PS: I am an Engineer, but have never worked in automotive industries directly. I do observe the scene though, and can detect political BS, and like Engineer-Poet, see the false concern for watermelon green, pseudo-Science distorting all the worlds technical investment.


D, thanks for an honest and interesting perspective. You do realize that at GCC you are in the belly of the beast with some of your positions...

I have personally not read about DiesOtto since the F700. It appears from your views I should have kept up.

One question for you: what is your view on electrification (such as microhybrid) to eliminate/minimize idle and to recuperate braking losses?


I think that Dr. Frank Davis at UC Davis was/is a genius and only recently recognized. He is worth more than a million blowhards like Al Gore or Ed Markey or the heads of UCS or WWF.

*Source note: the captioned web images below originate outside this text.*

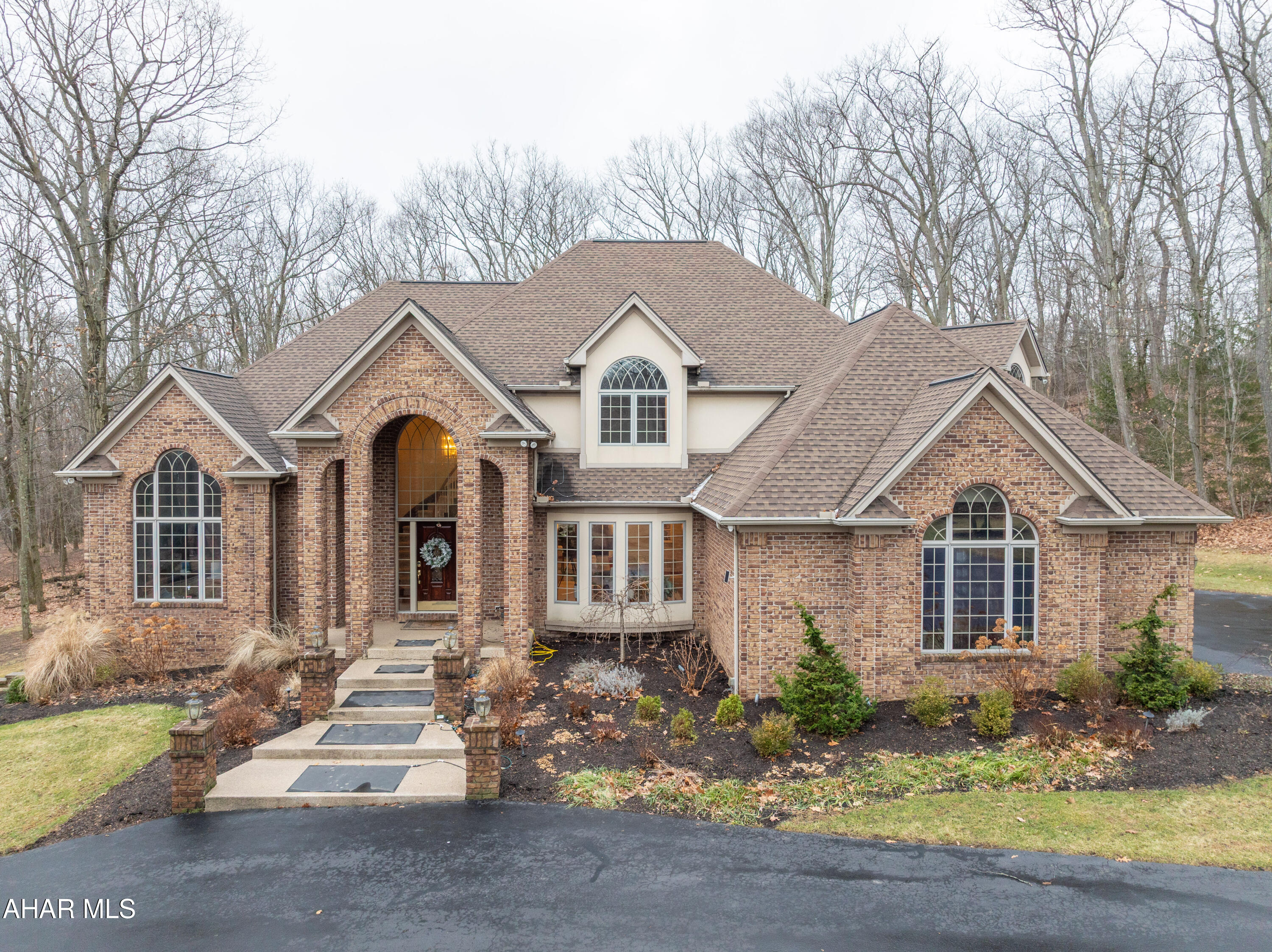 Experience refined luxury in this stunning four-bedroom, six-bathroom estate set on 2.27 private acres. Designed with elegance and comfort in mind, the home features a spacious open floor plan that seamlessly connects living, dining, and entertaining spaces, all filled with natural light. The gourmet kitchen showcases sleek quartz countertops, high-end finishes, and ample room for gatherings both large and intimate.
Each bedroom offers generous space and privacy, each with its own en-suite full Bath, thoughtfully appointed with upscale fixtures and modern design.
The finished basement adds exceptional versatility—ideal for a media room, home gym, or additional living space. A spacious four-season room with a cozy fireplace provides the perfect place to relax and enjoy the surrounding views year-round. 
Additional highlights include a Four Car Garage with a pull down storage space, central air conditioning, a whole-house generator for peace of mind, and expansive outdoor space that enhances the home's sense of privacy and tranquility. This remarkable property blends luxury, functionality, and comfort in a truly exceptional setting. ***ALL OFFERS MUST BE SUBMITTED BY SUNDAY 1/11 AT 11am PLEASE***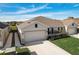 Two-car garage with landscaped front yard at 18027 Turning Leaf Cir, Land O Lakes, FL 34638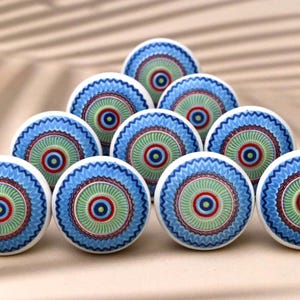 Op de afbeelding: Een set van tien keramische knoppen met een blauw, groen en rood mandala-ontwerp. De knoppen zijn rond en hebben een witte achtergrond.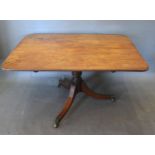 A 19th Century Mahogany Breakfast Table, the rectangular reeded top above a turned centre column and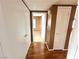 Hallway with wood floors leads to bedrooms and other areas of the home at 45 Maleena Mesa St # 1921, Henderson, NV 89074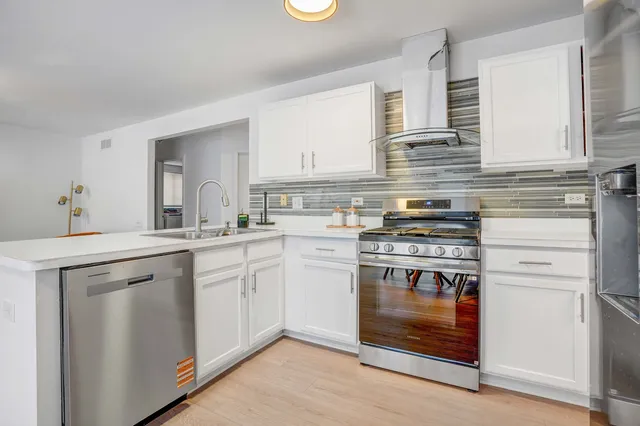 a kitchen with a stove cabinets and a sink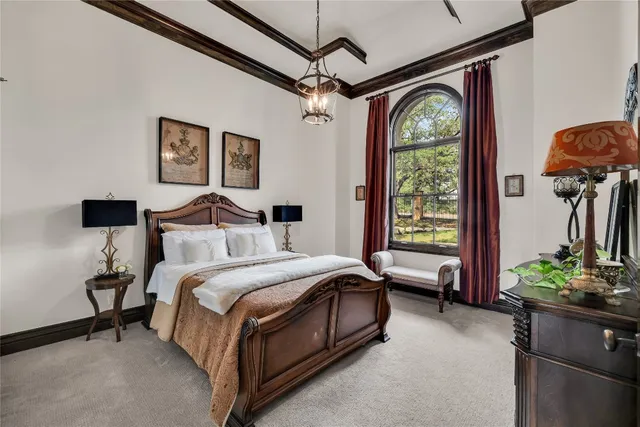 a bedroom with a bed and a chandelier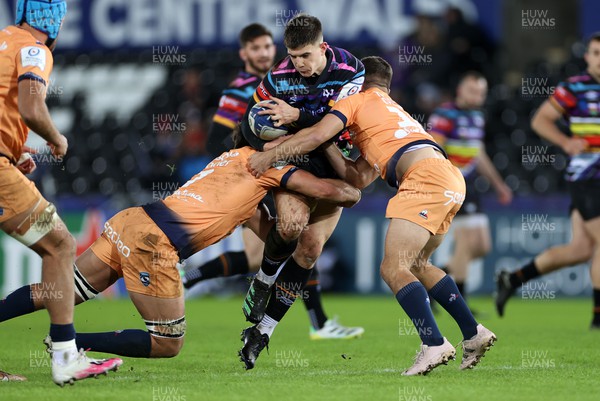 140123 - Ospreys v Montpellier - European Rugby Champions Cup - Joe Hawkins of Ospreys is tackled by Alexandre Becognee and Louis Carbonel of Montpellier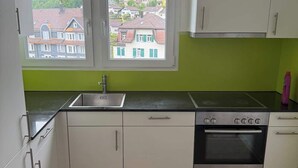A kitchen with white cabinets, a Bosch oven, a sink, and a window with a view of houses.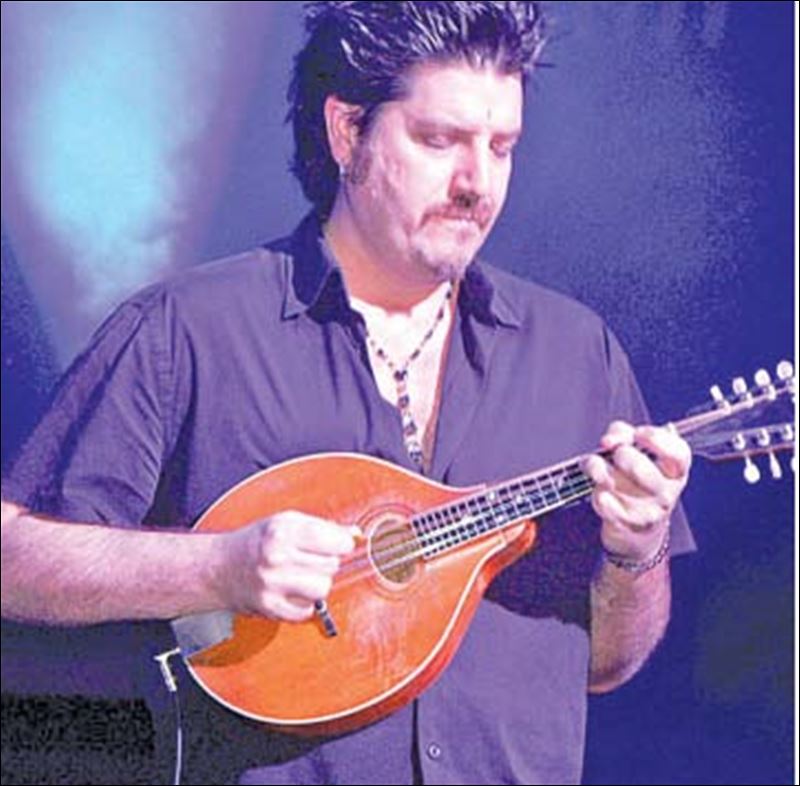 http://www.toledoblade.com/image/2007/09/05/800x_b1_cCM_z/Zen-and-the-art-of-rock-and-roll-Counting-Crows-guitarist-wears-many-musical-hats-2.jpg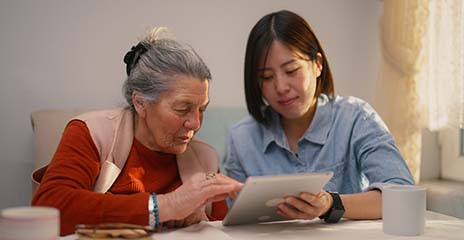 正在看平板电脑的年长女性和年轻人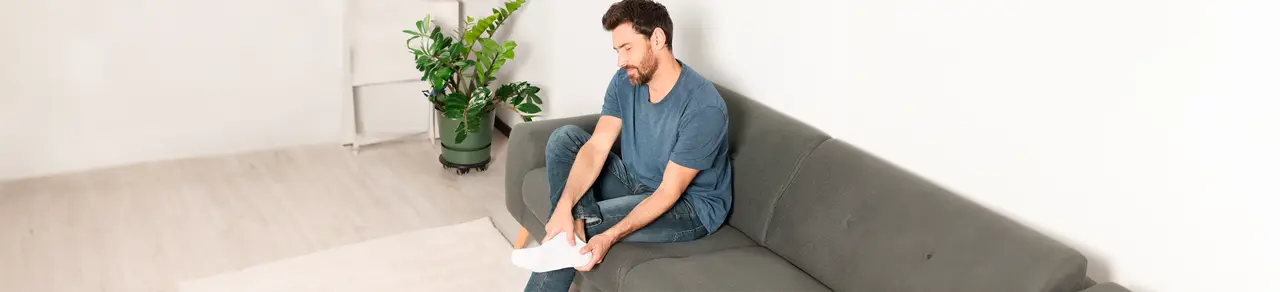 Plantarfasziitis, Mann auf Sofa hält sich Ferse, chronische Entzündung, Fersenbein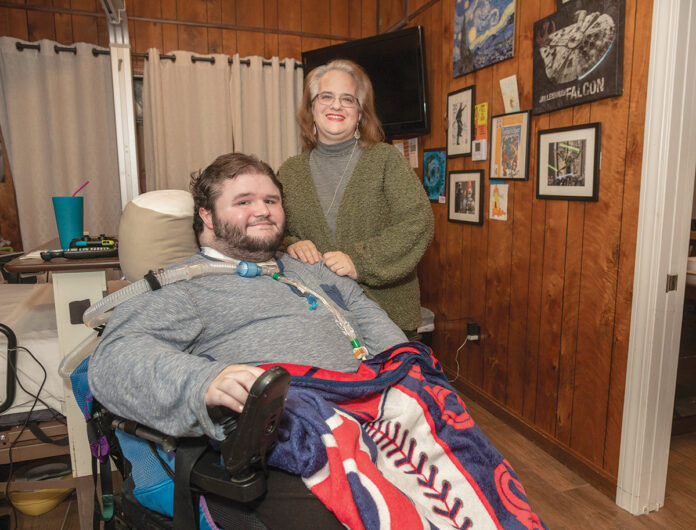 SOME GOOD NEWS: Lee-Ann Quinn’s son, Zach, just turned 21 and his family learned recently that the state will continue to cover the nursing care that he needs to stay at home. About 15 other families are waiting for word on similar benefits for children who’ve recently aged out of pediatric benefits. / PBN PHOTO/MICHAEL SALERNO SOME GOOD NEWS: Lee-Ann Quinn’s son, Zach, just turned 21 and his family learned recently that the state will continue to cover the nursing care that he needs to stay at home. About 15 other families are waiting for word on similar benefits for children who’ve recently aged out of pediatric benefits. / PBN PHOTO/MICHAEL SALERNO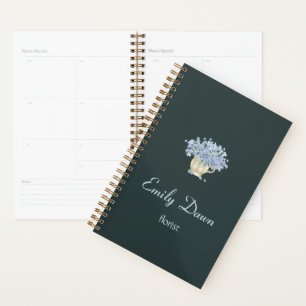 Blue flowers in vase grey planner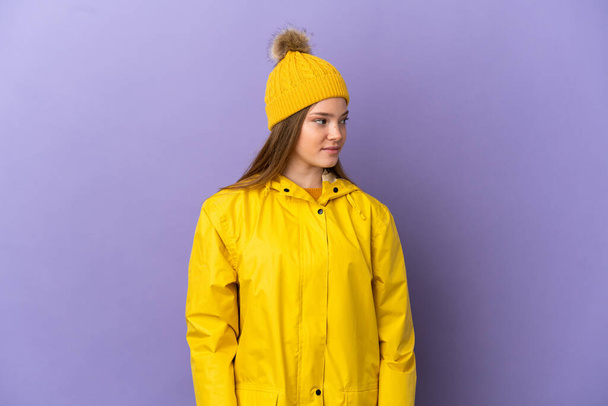 Tini lány visel esőálló kabát felett elszigetelt lila háttér néz oldalra - Fotó, kép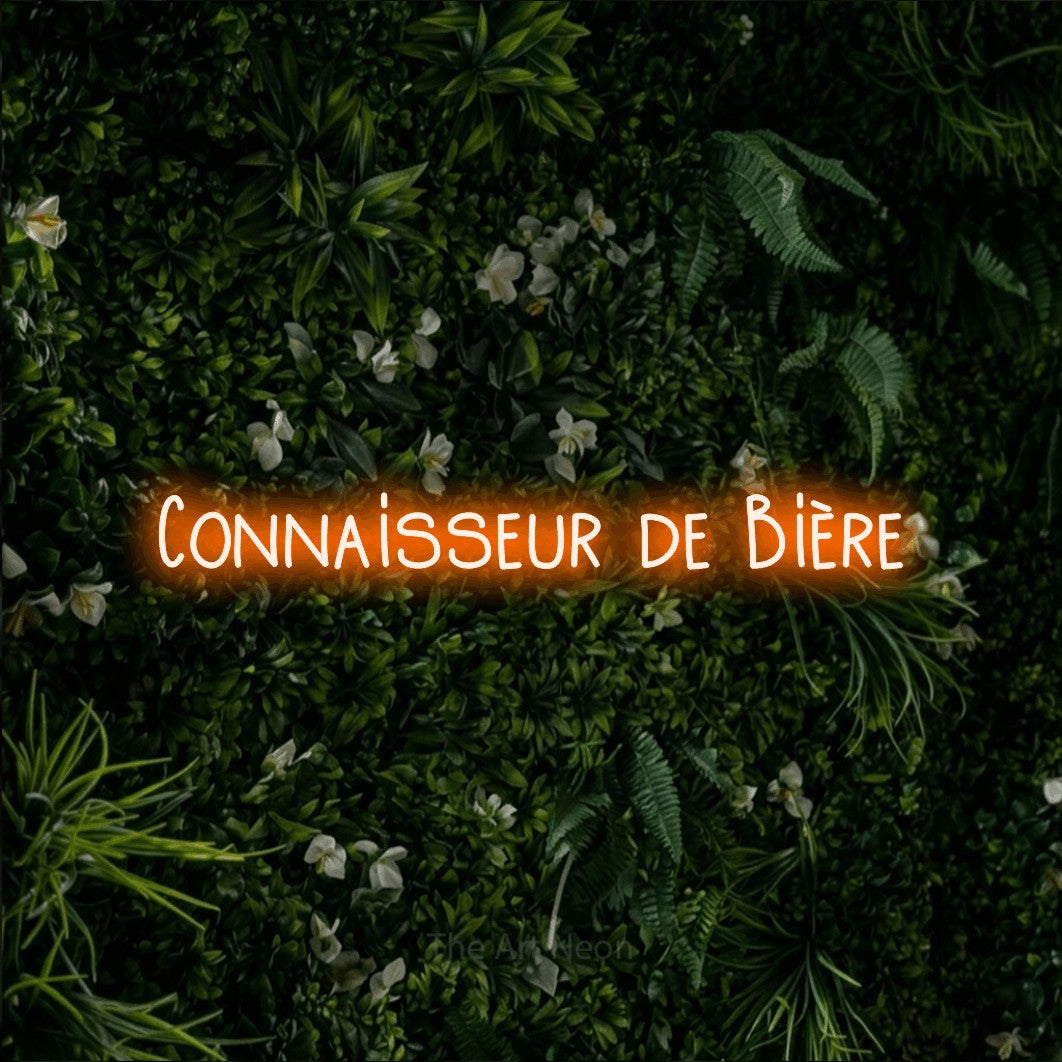 “Connaisseur de bière” LED neon sign in orange, with narrow hand-drawn lettering, shown against a dense green plant wall.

PHEV technology provides an answer to a question no longer is needing to be asked. That is: 'How could you maintain our civilizations Transportation network if Petroleum actually ran out?' Of course it isn't, and likely never will.

Dr. Davis showed that a fleet of Volts could be supplied with all the liquid fuel needed by simply making it from food in no larger quantities than we presently divert to that end, even if it is a government subsidized boondoggle of enormous proportions, supported by legalized thievery and extortion of funds from the taxpaying citizenry.

All forms of PHEVs are appealing to me, because they could be more efficient than our still crude ground conveyances. But the technology is still premature, redundant, and enforced by mandate before its proper time.

So I welcome all advances and improvements in efficiency from all manor of hybrids from micro through strong. Electrification has its place and may provide much of our transport hub eventually, but never all of it.

Portable liquid fuels provide compact energy in quantity and will be needed in mobile Tranportation for a very long time.


Dr. Andy Frank was turning Taurus into hybrids in the 80s. He is now with a company in Palo Alto, I wish him all the best. He has made a great contribution.